Ao alterar o Código de Processo Civil, a proposta busca endereçar lacunas existentes na legislação atual, que nem sempre assegura o adiamento de compromissos profissionais em situações de gravidez ou após o parto. A relatora do projeto, a deputada Jack Rocha, destacou a importância dessa medida para fortalecer os direitos das mulheres no exercício de suas profissões, permitindo uma conciliação mais equilibrada entre a carreira e os direitos maternais.

Jack Rocha ressaltou, ainda, que a proposta não apenas visa a proteção individual das advogadas, mas representa uma ação em prol da igualdade de gênero no ambiente jurídico. Ela enfatizou que a proposta contribuirá para combater a discriminação de gênero e promover condições mais justas e equitativas no mercado de trabalho, especialmente no campo do Direito.

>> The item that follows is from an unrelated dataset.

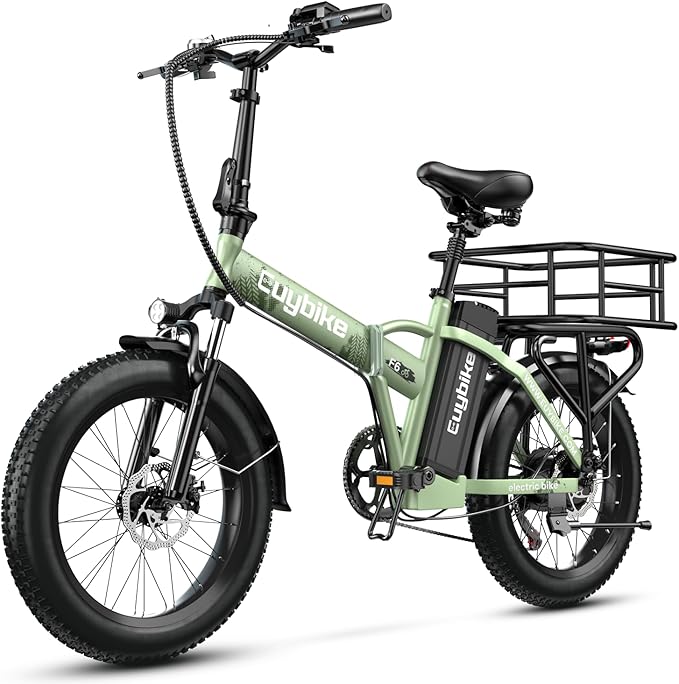 1000W Folding Electric Bike, 48V 20AH Large Removable Battery E Bike, 30+MPH, 80 Miles Max Range, 20" Fat Tire Electric Bike for Adults, Adult Electric Bicycles for Commute Beach Snow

Com a aprovação na Comissão de Defesa dos Direitos da Mulher, o projeto agora avança para a Comissão de Constituição e Justiça e de Cidadania. Ele será analisado sob um rito de tramitação que permite sua aprovação direta nas comissões, o que pode acelerar sua chegada ao Senado, dependendo da eventual necessidade de apreciação pelo Plenário, que só ocorrerá se houver um pedido formal de deputados para isso.

Para que a proposta se torne lei, ela precisará passar pela aprovação de ambas as casas do Congresso Nacional e, em seguida, receber a sanção da presidência da República. Essa é uma iniciativa que poderá transformar a experiência profissional de muitas advogadas, assegurando um espaço de trabalho mais responsável e inclusivo.